-- Opening Marker --

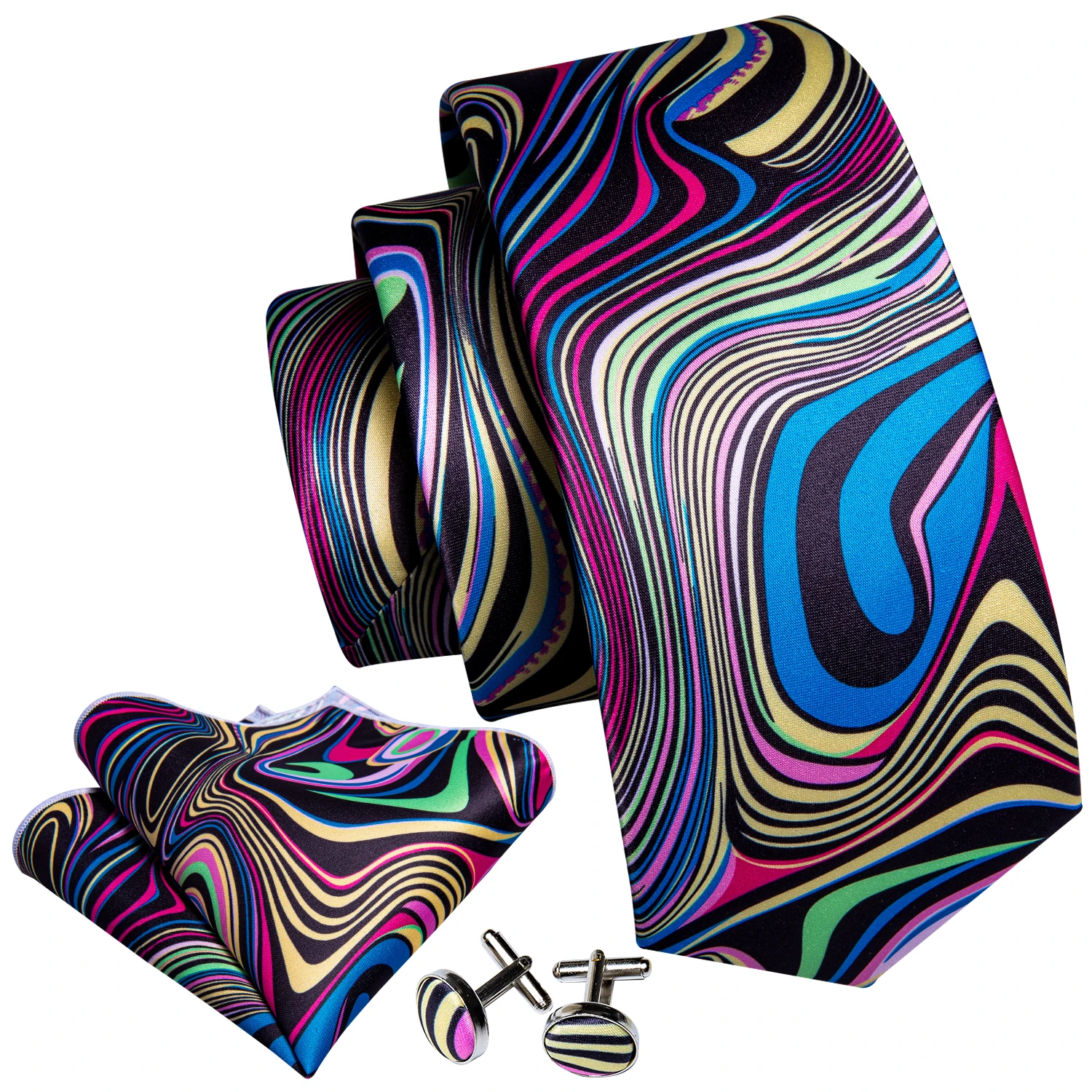 High Quality Brand Ties Design Necktie Handkerchief Cufflinks Set Print New Arrival Fashion for Wedding Party Silk for Men Wool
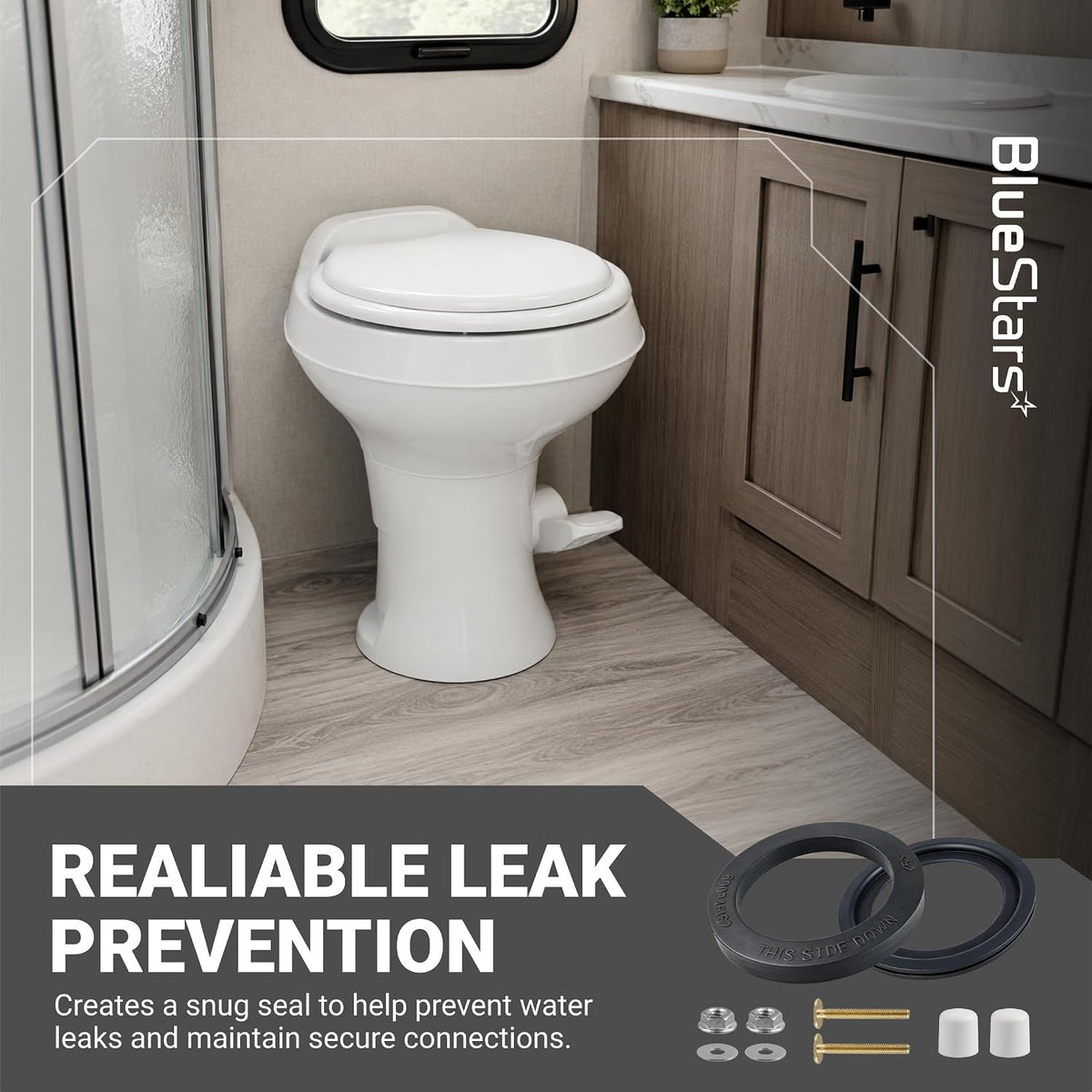 385311652 & 385311658 RV Toilet Seal Kit, shown with an RV toilet and included seals, washers, bolts and caps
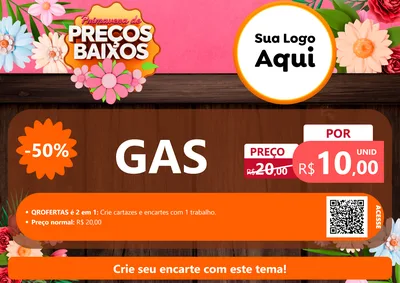 Modelo de Cartaz para Cartaz A4 Horizontal com o tema Primavera de Preços Baixos para Água e gás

-- Closing Marker --

Your objective
Reproduce the listing exactly, minus its pictures.

Answer for the task
 High Quality Brand Ties Design Necktie Handkerchief Cufflinks Set Print New Arrival Fashion for Wedding Party Silk for Men Wool
 385311652 & 385311658 RV Toilet Seal Kit, shown with an RV toilet and included seals, washers, bolts and caps
 Modelo de Cartaz para Cartaz A4 Horizontal com o tema Primavera de Preços Baixos para Água e gás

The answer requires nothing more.